Some of the users we’ve worked with following the release were already familiar with cloud storage solutions, which also means they are well aware of the “data discipline” required when you have near limitless (or in our case, actually limitless) storage that can span across physical hardware setups and locations. However, some who were new to this, or just those who—let’s just say “have trouble with cleaning up” their files—needed a bit of a primer on data discipline and how to avoid the digital dumping ground.

This project has also come into focus for us as we begin exploring using a Learning Object Repository (LOR) that could one day be shared with various departments and faculty across the university.

Data Discipline here refers to having a sense of logical order and maintenance for the files stored in these locations—and actually sticking to that disciplined approach to that data. For both a cloud storage site and an LOR, finding what you need and making use of it is the paramount objective, and that becomes impossible when the root folder (the “home” or “first” location upon opening the site) is hosting all the individual files, or worse, multiple copies of these files.

The points below provide a good place to start (i.e. this is not an exhaustive list) for setting up your own cloud storage site or any shared repository.

Folders are your friends

Chalk this up to my firm belief in “a place for everything, and everything in its place,” but folders can rarely be overused.

While some might argue that you should set up any of these shared repositories to use as few clicks as possible, that isn’t always possible, and really depends on the kinds of information being shared within the repository.

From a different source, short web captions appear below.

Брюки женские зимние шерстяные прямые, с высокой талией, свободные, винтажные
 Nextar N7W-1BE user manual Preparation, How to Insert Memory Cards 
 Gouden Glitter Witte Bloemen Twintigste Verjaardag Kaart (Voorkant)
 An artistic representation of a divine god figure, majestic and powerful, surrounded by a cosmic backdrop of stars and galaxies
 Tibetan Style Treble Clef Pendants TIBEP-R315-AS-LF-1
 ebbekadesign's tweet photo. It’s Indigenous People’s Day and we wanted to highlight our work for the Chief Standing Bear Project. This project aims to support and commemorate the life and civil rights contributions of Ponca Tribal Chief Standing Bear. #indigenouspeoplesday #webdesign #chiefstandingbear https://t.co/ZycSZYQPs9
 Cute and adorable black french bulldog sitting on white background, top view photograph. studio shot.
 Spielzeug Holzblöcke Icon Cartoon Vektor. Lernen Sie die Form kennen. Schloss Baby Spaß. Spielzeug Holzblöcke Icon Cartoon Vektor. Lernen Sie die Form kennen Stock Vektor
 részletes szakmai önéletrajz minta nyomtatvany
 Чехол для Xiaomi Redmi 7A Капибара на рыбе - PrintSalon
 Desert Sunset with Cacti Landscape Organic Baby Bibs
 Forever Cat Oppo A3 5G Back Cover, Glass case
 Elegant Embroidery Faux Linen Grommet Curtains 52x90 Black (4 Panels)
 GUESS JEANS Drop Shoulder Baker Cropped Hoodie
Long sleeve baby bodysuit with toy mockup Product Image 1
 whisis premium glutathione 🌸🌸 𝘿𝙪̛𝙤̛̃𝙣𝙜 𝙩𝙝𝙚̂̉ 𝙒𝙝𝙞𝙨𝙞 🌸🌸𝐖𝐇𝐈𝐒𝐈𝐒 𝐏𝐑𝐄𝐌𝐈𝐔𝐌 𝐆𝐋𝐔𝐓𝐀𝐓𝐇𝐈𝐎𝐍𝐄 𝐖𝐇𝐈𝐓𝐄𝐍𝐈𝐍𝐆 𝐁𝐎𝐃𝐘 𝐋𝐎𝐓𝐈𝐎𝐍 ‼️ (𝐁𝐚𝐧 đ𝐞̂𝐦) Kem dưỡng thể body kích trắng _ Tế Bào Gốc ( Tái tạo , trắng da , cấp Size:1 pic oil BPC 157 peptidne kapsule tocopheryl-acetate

I am not suggesting that each file has its own folder, but each kind of file or project should be separate from items that are unrelated. Pictures go in the pictures folder marked by event or date, documents go in the document folder by time, date, or other identifier, music goes in by artist and album, etc.

Coupled with a version control system, this helps to make sure that users are finding the project or document they need without having to dig through multiple copies of the files or unrelated versions or files. Nobody likes having to determine if fileFINAL.doc is more correct than fileFINALFINAL.doc or fileFINALFINALFINAL.doc. Version control or an archive folder can remedy this.

Version control with an iron fist

While I already discussed version control in the last point, it is worth stressing on its own.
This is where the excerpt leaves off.